(Records from a data collection)

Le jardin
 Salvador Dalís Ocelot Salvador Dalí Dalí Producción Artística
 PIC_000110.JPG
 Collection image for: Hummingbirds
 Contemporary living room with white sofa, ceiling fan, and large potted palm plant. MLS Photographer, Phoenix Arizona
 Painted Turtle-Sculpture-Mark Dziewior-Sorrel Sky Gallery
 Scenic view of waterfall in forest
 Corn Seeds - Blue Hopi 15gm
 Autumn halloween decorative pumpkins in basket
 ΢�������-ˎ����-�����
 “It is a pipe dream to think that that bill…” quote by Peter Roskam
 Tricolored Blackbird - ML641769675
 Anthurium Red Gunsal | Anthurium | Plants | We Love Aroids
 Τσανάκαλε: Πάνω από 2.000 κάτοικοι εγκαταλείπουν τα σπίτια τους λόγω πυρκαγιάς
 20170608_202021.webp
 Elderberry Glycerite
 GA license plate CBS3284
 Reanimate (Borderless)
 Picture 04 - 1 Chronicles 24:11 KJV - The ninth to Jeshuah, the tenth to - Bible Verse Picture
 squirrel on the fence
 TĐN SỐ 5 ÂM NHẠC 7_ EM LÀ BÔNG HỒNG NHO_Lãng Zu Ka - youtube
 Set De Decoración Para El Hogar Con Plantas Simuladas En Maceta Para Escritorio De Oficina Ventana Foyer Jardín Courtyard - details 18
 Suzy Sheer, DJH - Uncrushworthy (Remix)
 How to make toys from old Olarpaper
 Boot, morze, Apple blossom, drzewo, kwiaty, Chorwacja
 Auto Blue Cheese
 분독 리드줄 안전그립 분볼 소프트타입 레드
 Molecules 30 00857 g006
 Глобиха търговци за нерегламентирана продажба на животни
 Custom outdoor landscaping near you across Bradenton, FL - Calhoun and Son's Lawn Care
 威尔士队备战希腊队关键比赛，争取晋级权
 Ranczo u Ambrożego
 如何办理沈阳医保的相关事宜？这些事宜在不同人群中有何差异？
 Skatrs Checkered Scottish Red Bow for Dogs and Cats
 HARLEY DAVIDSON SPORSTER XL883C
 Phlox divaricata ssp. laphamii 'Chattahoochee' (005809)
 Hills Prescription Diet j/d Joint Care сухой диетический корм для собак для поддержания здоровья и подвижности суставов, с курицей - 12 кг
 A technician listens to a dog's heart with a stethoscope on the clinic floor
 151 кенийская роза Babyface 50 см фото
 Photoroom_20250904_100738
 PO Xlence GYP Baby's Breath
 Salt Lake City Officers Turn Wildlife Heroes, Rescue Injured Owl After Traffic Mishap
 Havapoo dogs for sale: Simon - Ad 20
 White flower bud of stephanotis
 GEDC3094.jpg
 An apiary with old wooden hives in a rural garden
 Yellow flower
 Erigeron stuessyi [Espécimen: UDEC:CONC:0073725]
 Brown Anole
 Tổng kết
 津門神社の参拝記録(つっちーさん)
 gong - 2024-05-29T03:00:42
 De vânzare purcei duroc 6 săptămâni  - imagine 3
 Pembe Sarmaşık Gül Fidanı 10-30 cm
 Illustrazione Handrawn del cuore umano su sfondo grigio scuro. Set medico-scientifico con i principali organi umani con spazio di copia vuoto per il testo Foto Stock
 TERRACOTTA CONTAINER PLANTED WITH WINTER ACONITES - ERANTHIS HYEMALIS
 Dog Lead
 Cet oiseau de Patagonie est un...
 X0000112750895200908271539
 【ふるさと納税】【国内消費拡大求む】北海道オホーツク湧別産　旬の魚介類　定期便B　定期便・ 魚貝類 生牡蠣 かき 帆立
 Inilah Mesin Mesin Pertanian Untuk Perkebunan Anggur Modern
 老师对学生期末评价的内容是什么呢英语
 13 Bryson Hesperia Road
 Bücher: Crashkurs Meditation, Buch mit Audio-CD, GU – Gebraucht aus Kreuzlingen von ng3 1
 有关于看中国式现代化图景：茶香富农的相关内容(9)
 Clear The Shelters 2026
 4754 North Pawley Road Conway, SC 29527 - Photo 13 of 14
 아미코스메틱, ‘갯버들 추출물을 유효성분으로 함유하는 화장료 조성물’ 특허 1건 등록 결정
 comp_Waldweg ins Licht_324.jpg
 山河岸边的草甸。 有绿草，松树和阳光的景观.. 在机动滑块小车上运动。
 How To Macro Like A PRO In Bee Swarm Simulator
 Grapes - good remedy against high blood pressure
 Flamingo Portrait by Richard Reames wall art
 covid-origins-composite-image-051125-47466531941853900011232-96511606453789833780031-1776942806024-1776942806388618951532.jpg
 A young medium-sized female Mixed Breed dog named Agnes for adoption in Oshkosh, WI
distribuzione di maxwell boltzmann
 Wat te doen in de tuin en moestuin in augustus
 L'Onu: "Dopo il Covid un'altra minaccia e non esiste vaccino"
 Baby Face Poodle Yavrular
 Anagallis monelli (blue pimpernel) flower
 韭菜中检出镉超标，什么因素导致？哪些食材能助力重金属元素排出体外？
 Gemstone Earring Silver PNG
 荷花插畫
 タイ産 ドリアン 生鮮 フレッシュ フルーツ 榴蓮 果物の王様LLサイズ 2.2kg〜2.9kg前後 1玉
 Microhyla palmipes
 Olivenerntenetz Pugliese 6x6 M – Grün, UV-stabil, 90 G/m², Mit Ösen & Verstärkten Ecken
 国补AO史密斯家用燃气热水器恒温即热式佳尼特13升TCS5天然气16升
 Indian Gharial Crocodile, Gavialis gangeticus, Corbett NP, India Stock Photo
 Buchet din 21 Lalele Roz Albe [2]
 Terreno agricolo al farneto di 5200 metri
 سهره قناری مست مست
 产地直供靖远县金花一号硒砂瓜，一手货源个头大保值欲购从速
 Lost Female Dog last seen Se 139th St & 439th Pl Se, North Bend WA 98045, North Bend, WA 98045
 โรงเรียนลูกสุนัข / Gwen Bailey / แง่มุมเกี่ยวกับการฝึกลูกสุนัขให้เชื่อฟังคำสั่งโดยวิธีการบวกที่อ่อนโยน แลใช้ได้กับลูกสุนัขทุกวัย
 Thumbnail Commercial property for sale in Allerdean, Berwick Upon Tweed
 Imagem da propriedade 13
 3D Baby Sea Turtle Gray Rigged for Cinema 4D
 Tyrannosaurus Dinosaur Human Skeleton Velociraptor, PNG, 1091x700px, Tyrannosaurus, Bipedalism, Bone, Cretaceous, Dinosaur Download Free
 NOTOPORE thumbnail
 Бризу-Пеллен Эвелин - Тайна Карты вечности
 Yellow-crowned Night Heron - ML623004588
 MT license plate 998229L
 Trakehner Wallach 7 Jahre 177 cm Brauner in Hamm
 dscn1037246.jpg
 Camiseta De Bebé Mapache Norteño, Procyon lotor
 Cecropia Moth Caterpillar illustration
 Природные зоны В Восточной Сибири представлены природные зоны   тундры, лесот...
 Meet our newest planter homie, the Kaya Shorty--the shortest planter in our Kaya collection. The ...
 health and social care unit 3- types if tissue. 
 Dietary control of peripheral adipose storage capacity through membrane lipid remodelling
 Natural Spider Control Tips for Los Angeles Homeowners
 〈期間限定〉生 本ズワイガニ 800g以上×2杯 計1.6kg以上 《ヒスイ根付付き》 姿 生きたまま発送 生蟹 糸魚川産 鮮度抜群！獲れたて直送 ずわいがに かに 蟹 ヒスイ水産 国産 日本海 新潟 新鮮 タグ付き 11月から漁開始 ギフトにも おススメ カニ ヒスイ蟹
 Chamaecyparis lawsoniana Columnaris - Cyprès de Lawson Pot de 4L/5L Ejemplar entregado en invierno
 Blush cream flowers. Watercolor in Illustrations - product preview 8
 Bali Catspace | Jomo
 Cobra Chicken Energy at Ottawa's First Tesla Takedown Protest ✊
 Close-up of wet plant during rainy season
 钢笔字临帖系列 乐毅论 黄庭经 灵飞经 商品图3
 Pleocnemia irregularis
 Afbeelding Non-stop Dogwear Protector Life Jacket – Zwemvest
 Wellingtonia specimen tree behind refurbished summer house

Requirement -
Lines from the top of the entries above to the line that contains "Tricolored Blackbird - ML641769675" should be set down exactly, please, with both ends kept and nothing added.

Answer to the problem -
Le jardin
 Salvador Dalís Ocelot Salvador Dalí Dalí Producción Artística
 PIC_000110.JPG
 Collection image for: Hummingbirds
 Contemporary living room with white sofa, ceiling fan, and large potted palm plant. MLS Photographer, Phoenix Arizona
 Painted Turtle-Sculpture-Mark Dziewior-Sorrel Sky Gallery
 Scenic view of waterfall in forest
 Corn Seeds - Blue Hopi 15gm
 Autumn halloween decorative pumpkins in basket
 ΢�������-ˎ����-�����
 “It is a pipe dream to think that that bill…” quote by Peter Roskam
 Tricolored Blackbird - ML641769675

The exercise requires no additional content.